* _Working data_:
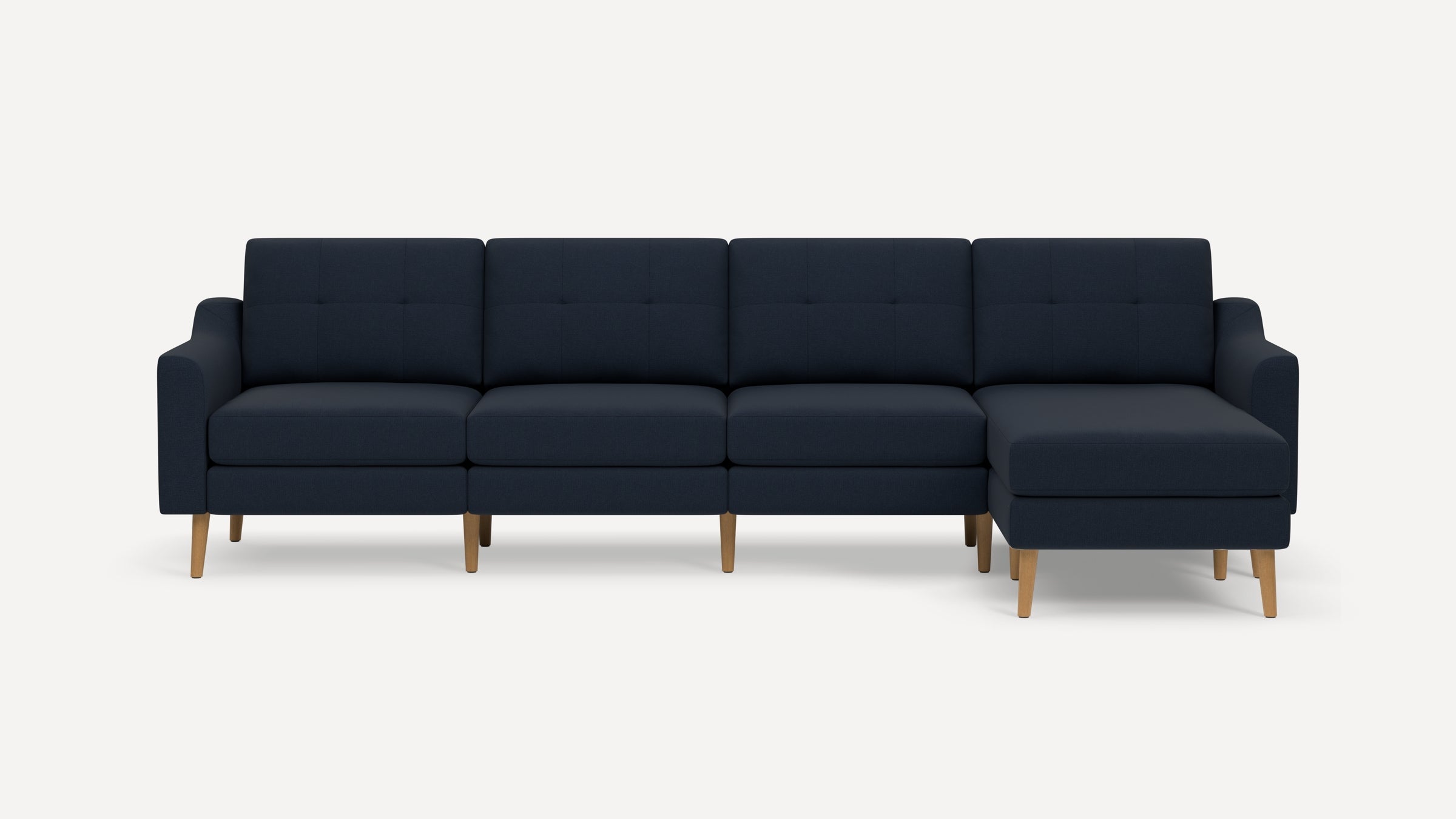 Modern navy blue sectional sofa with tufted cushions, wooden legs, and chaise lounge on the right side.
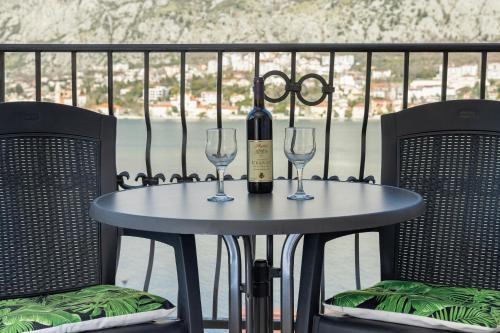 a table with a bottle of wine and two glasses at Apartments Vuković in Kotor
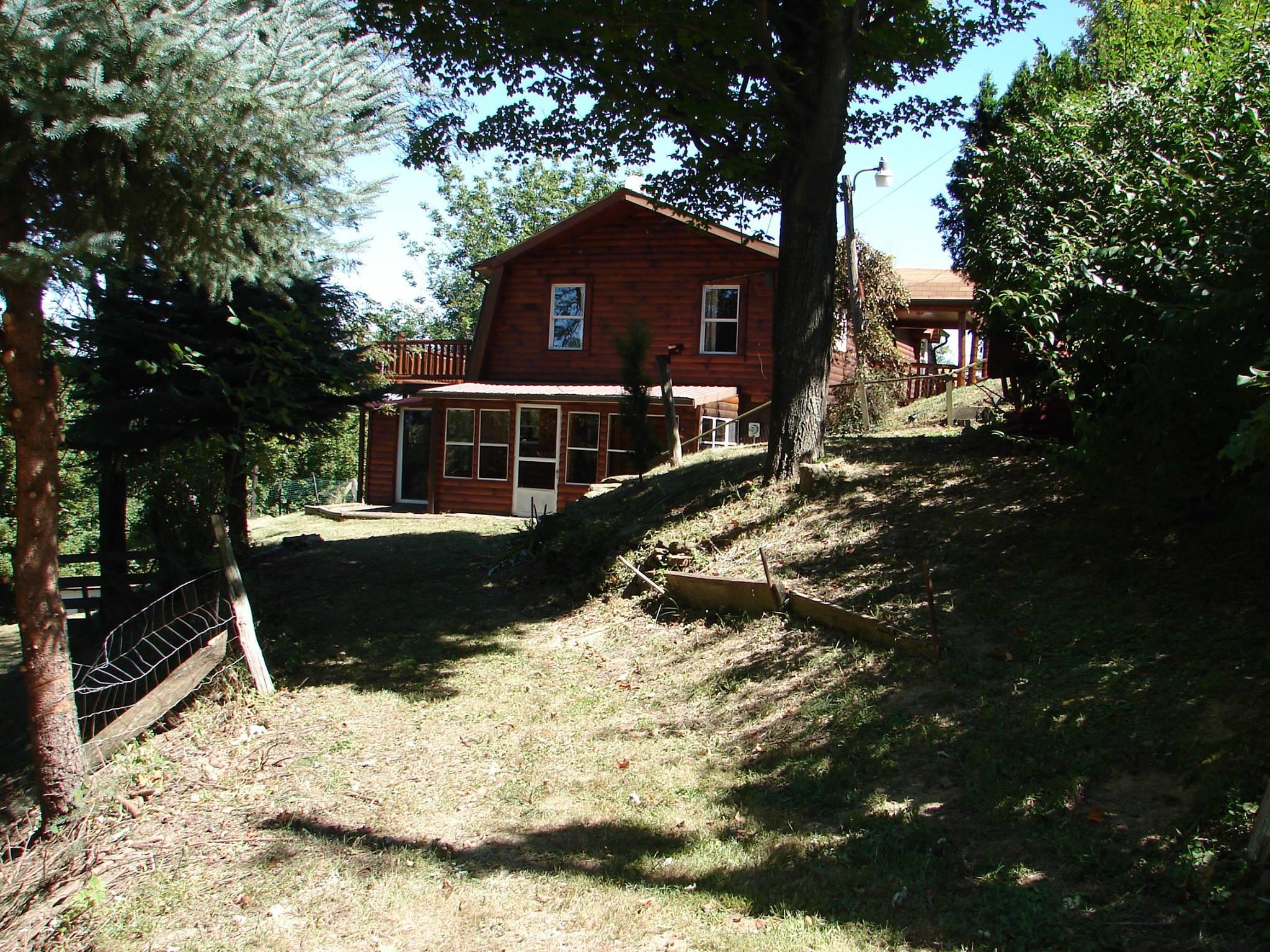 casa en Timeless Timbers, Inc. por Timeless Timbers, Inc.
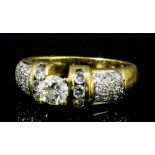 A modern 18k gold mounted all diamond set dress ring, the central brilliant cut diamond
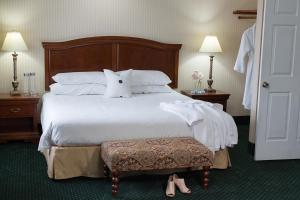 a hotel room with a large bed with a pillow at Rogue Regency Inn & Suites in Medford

* _Task details_: Output the listing unchanged, pictures excluded.

* _Output below_:
 Modern navy blue sectional sofa with tufted cushions, wooden legs, and chaise lounge on the right side.
 a table with a bottle of wine and two glasses at Apartments Vuković in Kotor
 casa en Timeless Timbers, Inc. por Timeless Timbers, Inc.
 A modern 18k gold mounted all diamond set dress ring, the central brilliant cut diamond
 a hotel room with a large bed with a pillow at Rogue Regency Inn & Suites in Medford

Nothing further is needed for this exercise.